United States District Court, E.D. Michigan, Southern Division

May 7, 2019

ASBERRY DANIELS, Plaintiff
v.
NICKOLAS LESLIE and HERB BRIGHTON, Defendants.

          Paul D. Borman District Judge

          ORDER GRANTING IN PART AND DENYING IN PART PLAINTIFF'S MOTION TO COMPEL DISCOVERY AND FOR SANCTIONS (DE 29), GRANTING DEFENDANTS' MOTION FOR LEAVE TO FILE A SECOND DISPOSITIVE MOTION (DE 31), and DENYING WITHOUT PREJUDICE PLAINTIFF'S MOTION FOR THE APPOINTMENT OF COUNSEL (DE 21)

          ANTHONY P. PATTI UNITED STATES MAGISTRATE JUDGE

         A. Introduction

         Asberry Daniels is currently incarcerated at the MDOC's Gus Harrison Correctional Facility (ARF), where he is serving a life sentence imposed on March 15, 1995.[1] On January 26, 2017, while incarcerated at ARF, Daniels filed the instant lawsuit against Nickolas Leslie and Herb Brighton, each of whom is described as an employee of the MDOC at ARF. (DE 1 at 2 ¶ 7, DE 18.)

         Plaintiff's complaint has survived the first round of dispositive motion practice. (See DE 15, DE 34.) Currently pending before the Court are three motions: (1) Plaintiff's November 21, 2018 motion for the appointment of counsel pursuant to 28 U.S.C. § 1915(e)(1) (DE 21); (2) Plaintiff's February 1, 2019 motion to compel discovery and for sanctions pursuant to Fed.R.Civ.P. 37(a)(1) (DE 29), regarding which Defendants have filed a response (DE 30) and Plaintiff has filed a reply (DE 32); and, (3) Defendants' February 26, 2019 motion for leave to file a second dispositive motion (DE 31), regarding which Plaintiff has filed a response (DE 33).

         B. Plaintiff's Motion to Compel Discovery and for Sanctions pursuant to Fed.R.Civ.P. 37(a)(1) is granted in part and denied in part.

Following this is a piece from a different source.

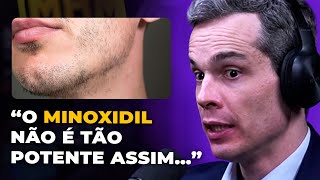 ESPECIALISTA revela A VERDADE sobre o MINOXIDIL [upl. by Oilerua]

         Plaintiff alleges that, on or about December 1, 2018, he served the following discovery request upon Defendants:

A legible copy of all complaints, reports, Step I prisoner grievances and Step I responses thereto, and other documents of allegations of the use of excessive force, including prisoner complaints made under the Prison Rape Enforcement Act (“PREA”) against Defendant[s] Nickolas Leslie [and Herb Brighton].

(DE 29 at 1.) On or about December 13, 2018, Defendants responded: “Defendants object to this request on the grounds that all requested PREA complaints or grievances or allegations of excessive force against [Defendant Leslie or Defendant Brighton] that are not related to this claim are irrelevant to this claim.” (DE 30-1.)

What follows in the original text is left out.